Il 12 novembre 1976, in una festa che si svolge al Bronx River Community Center, un giovane dj del liceo Stevenson, Kevin Donovan diventa il leader della gang degli Zulu del Bronx con il nome di Afrika Bambaataa.
Il rap esce dai ghetti
In quel giorno di novembre inizia la lunga storia musicale di un artista che con il suo lavoro ha elevato lo standard di qualità del rap portandolo fuori dai ghetti. Bambaataa è il primo a capire le potenzialità espressive dell’hip hop e lo fa senza tradire lo spirito originario ma adattandolo a un gusto più sofisticato e intellettuale.
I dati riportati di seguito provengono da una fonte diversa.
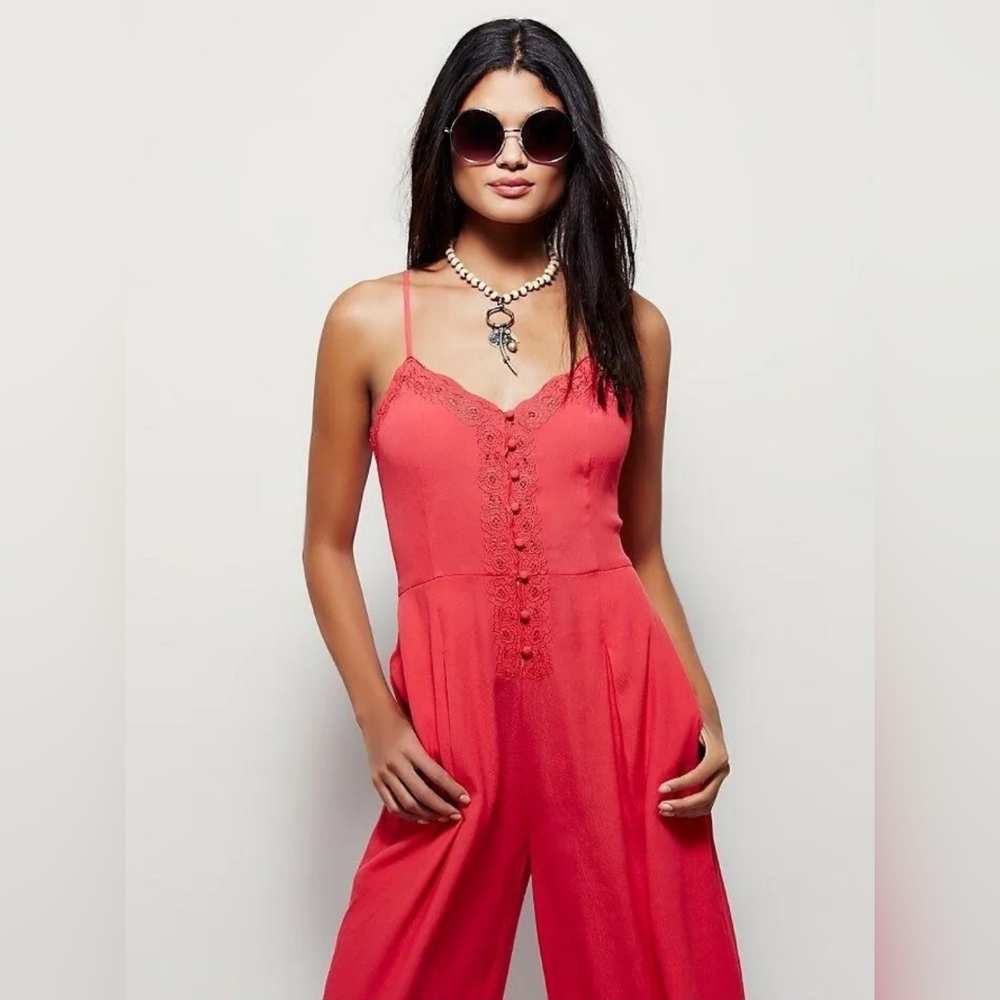 Free People x Eileen Lace Wide Leg Romper Sz 10 M/L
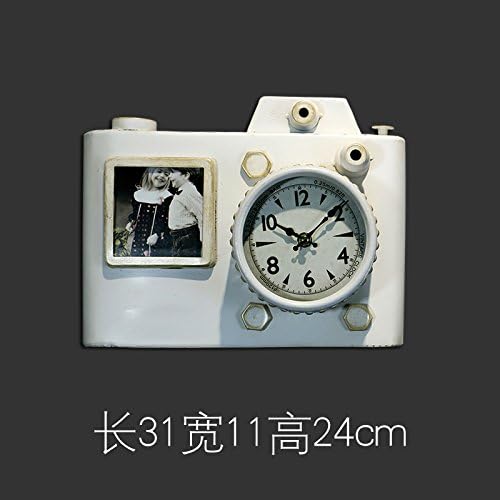 OLILEIO American Retro Camera Room Decor Guabiao Wall Clock Iron Creative Restaurant Wall Decor Bar Clock,White Camera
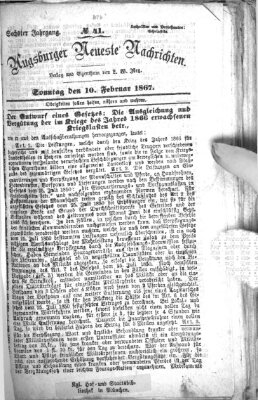 Augsburger neueste Nachrichten Sonntag 10. Februar 1867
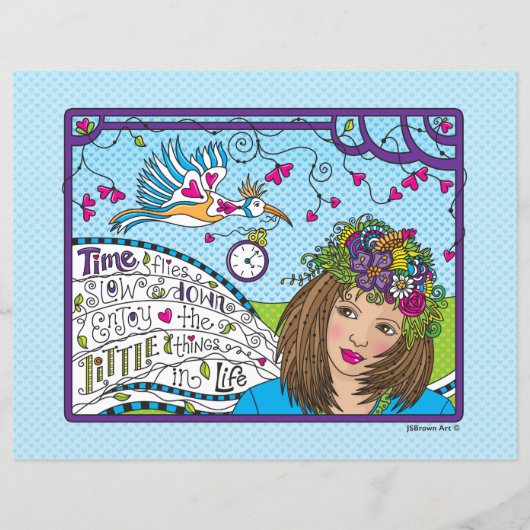 Time Flies_Flat Papierblad 11 x 8,5 inch (Voorkant)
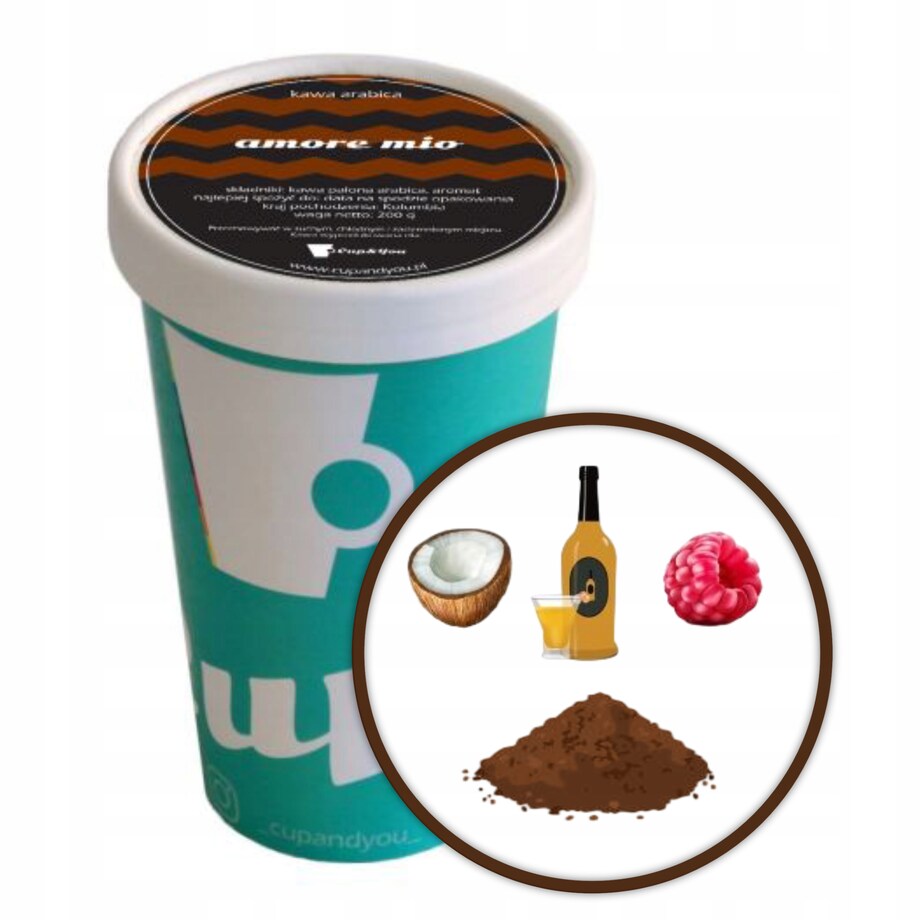 Kawa aromatyzowana deserowa smak AMORE MIO mielona ARABICA PREMIUM 200g - kawa smakowa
Quando decide di incidere dischi in proprio, si rivela anche un sopraffino musicista.
Un collage vertiginoso
Afrika Bambaataa eleva lo standard di qualità dei rap in commercio con i suoi iperdinamici EP, archetipi della dancefloor music a partire da Planet Rock del 1982, un collage vertiginoso di scratch, effetti elettronici, ritmi epilettici e vocalismi manipolati, che grazie anche ai missaggi di Jellybean Benitez dà lustro alla cosiddetta “beatbox”. I critici più aperti verso questo genere di musica hanno scritto che «I suoi dischi sono anche i primi a concepire la prassi del rap per quello che è, una forma di “collage aurale”, e a spingere il concetto al limite tecnologico dei mezzi computerizzati».